= Film industry in Georgia (U.S. state) =

Overview of the film industry in the U.S. state of Georgia

The film industry in Georgia is the largest among the states of the United States for production of feature films by number of films produced, as of 2016. Atlanta is the center of the film industry in Georgia with Turner, Tyler Perry, and Cinespace studios located there.

The industry in Georgia was boosted substantially by tax incentives introduced in 2002 and strengthened in 2008. Just in the fiscal year 2017 film and TV production had an economic impact in Georgia of $9.5 billion, while industry sources claim that the tax subsidy costs the state $141 million (2010).
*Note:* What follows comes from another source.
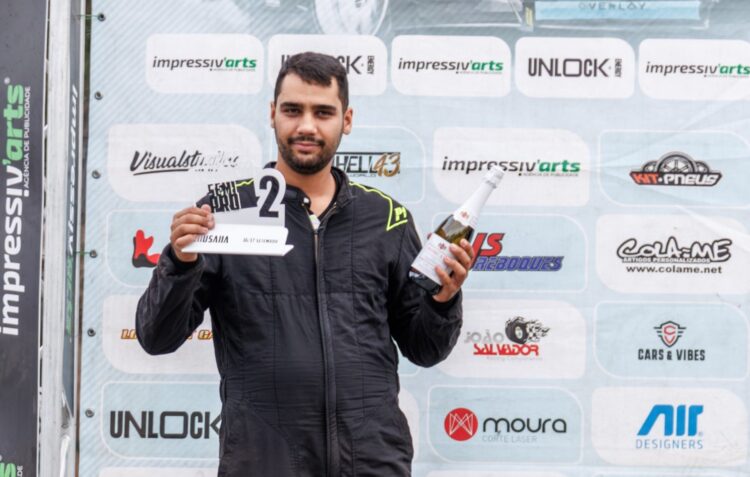 Leirienses em destaque no Campeonato de Portugal de Drift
Films shot in Georgia include Tyler Perry's Meet the Browns (2008), Life as We Know It (2010), Contagion (2011) and a number of Marvel Studios productions, including Avengers: Infinity War and Avengers: Endgame, as well as Ant-Man and the Wasp and Black Panther. Georgia has since been called the "Hollywood of the South".
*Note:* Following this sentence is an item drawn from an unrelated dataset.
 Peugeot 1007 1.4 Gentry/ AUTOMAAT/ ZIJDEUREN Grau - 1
The industry is currently navigating a sharp downturn that began in 2023. Production spending plummeted from a record peak of $4.4 billion in 2022 to just $2.3 billion in fiscal year 2025.

==Ranking==
Georgia overtook California in 2016 as the state location with the most feature films produced overall, 17 of the top 100 grossing movies were filmed in Georgia. Films in the state helped reach an economic impact of $9.5 billion in fiscal 2017 and $2.7 billion in direct spending.

==Incentive==
The state's first tax incentive, a point of purchase sales and use tax exemption, was introduced in 2002. The state's second and most progressive tax incentive, the Georgia Entertainment Industry Investment Act, was signed into law in May 2005 and updated in May 2008. The act granted qualified productions a transferable income tax credit of 20% of all in-state costs for film and television investments of $500,000 or more. It is available to both traditional motion picture projects such as feature films, television series, commercials, and music videos, as well as new industries such as game development and animation.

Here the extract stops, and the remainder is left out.